Pada 5 September 2026, ISPU tercatat sebesar 108, kemudian naik menjadi 115 pada 6 September, dan kembali meningkat menjadi 127 pada 7 September 2026.
Ketiga angka tersebut masuk dalam kategori tidak sehat sebagaimana disebutkan dalam surat edaran.
Dalam kebijakan tersebut, kegiatan belajar tatap muka untuk peserta didik PAUD, TK/RA, SD/MI, dan SLB dihentikan sementara. Para siswa dijadwalkan kembali mengikuti kegiatan belajar seperti biasa pada Jumat, 11 September 2026.
Meski demikian, kebijakan berbeda diterapkan bagi siswa jenjang SMP/MTs, SMA/SMK, dan Madrasah Aliyah (MA).
Kegiatan belajar mengajar pada jenjang tersebut tetap berlangsung seperti biasa dengan ketentuan menghindari aktivitas di luar ruangan.
Pemerintah Kota Sawahlunto juga menegaskan bahwa selama masa peliburan siswa, kepala sekolah, guru, dan tenaga kependidikan tetap menjalankan tugas, terutama menyelesaikan pekerjaan administrasi dan menyiapkan media pembelajaran.
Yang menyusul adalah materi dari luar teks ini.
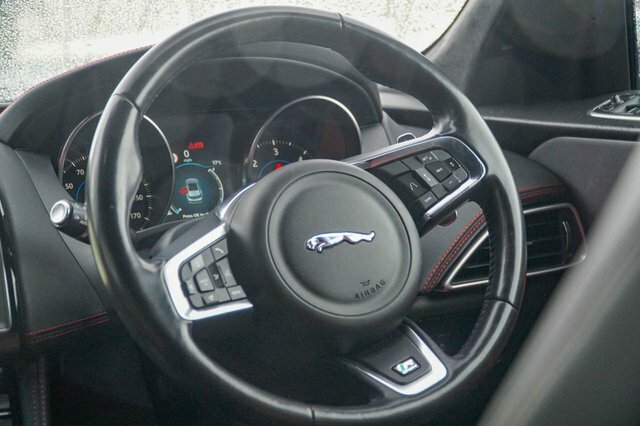 Jaguar F-Pace 2.0 I4 180Ps R-sport Awd White #34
Selain mengatur aktivitas pendidikan, surat edaran itu juga memuat imbauan kepada orang tua dan masyarakat untuk memaksimalkan kegiatan belajar mandiri anak di rumah, mengurangi aktivitas di luar ruangan, serta lebih memperhatikan kondisi kesehatan anak.
Masyarakat juga diimbau memperbanyak konsumsi air putih dan buah-buahan sebagai bagian dari upaya menjaga kondisi tubuh di tengah paparan kabut asap.
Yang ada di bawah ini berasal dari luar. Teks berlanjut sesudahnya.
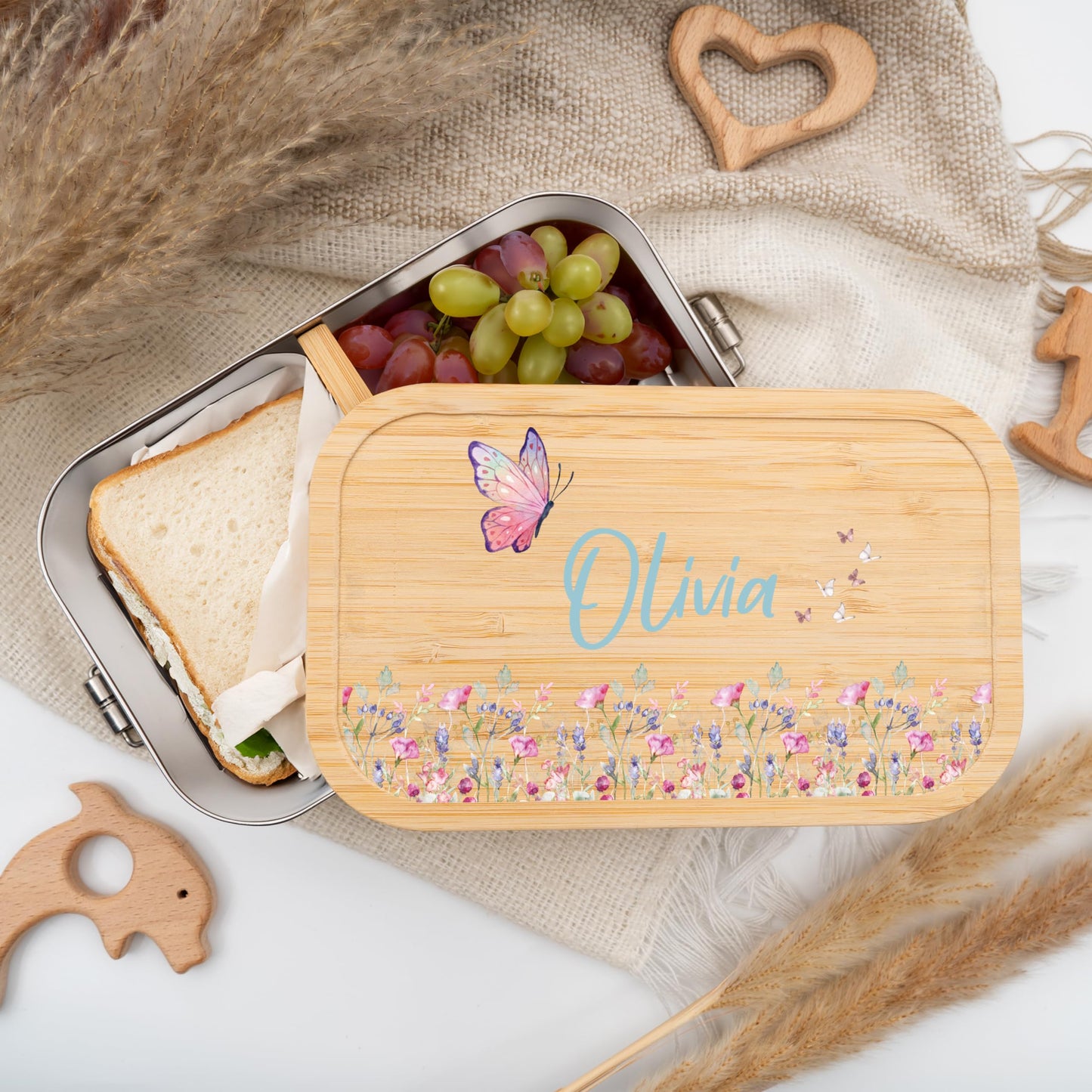 Kidsmood - Personalized lunchbox for kids with compartments, stainless steel container with bamboo lid. Printed without harmful substances, featuring cute animal design and name. Perfect gifts for girls & boys starting school.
Sementara bagi sekolah yang tetap melaksanakan proses belajar mengajar, seluruh guru, pegawai, dan siswa diwajibkan menggunakan masker.
Kebijakan tersebut bersifat sementara dan dapat berubah mengikuti perkembangan kondisi kualitas udara di Sawahlunto. Pemerintah daerah menyatakan akan menyampaikan pemberitahuan lebih lanjut apabila terjadi perubahan situasi.
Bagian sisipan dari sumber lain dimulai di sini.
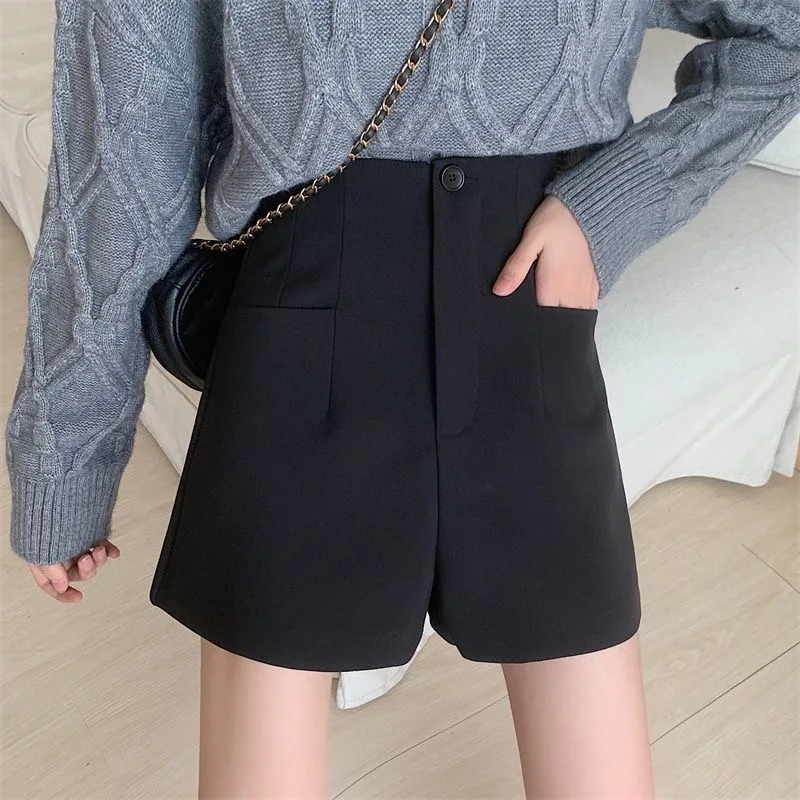 High Waist Slim Fit White Short Pants Women's Base Layer Tight Thin Summer Hot Pants Fashionable Casual Shorts for Ladies
High Waist Slim Fit White Short Pants Women's Base Layer Tight Thin Summer Hot Pants Fashionable Casual Shorts for Ladies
Peningkatan ISPU hingga mencapai angka 127 menjadi peringatan bahwa dampak kabut asap tidak hanya mengganggu jarak pandang, tetapi juga mulai memengaruhi aktivitas masyarakat, khususnya kelompok rentan seperti anak-anak.
Penyesuaian proses pembelajaran menjadi salah satu langkah yang ditempuh Pemerintah Kota Sawahlunto untuk mengurangi risiko paparan terhadap kualitas udara yang memburuk.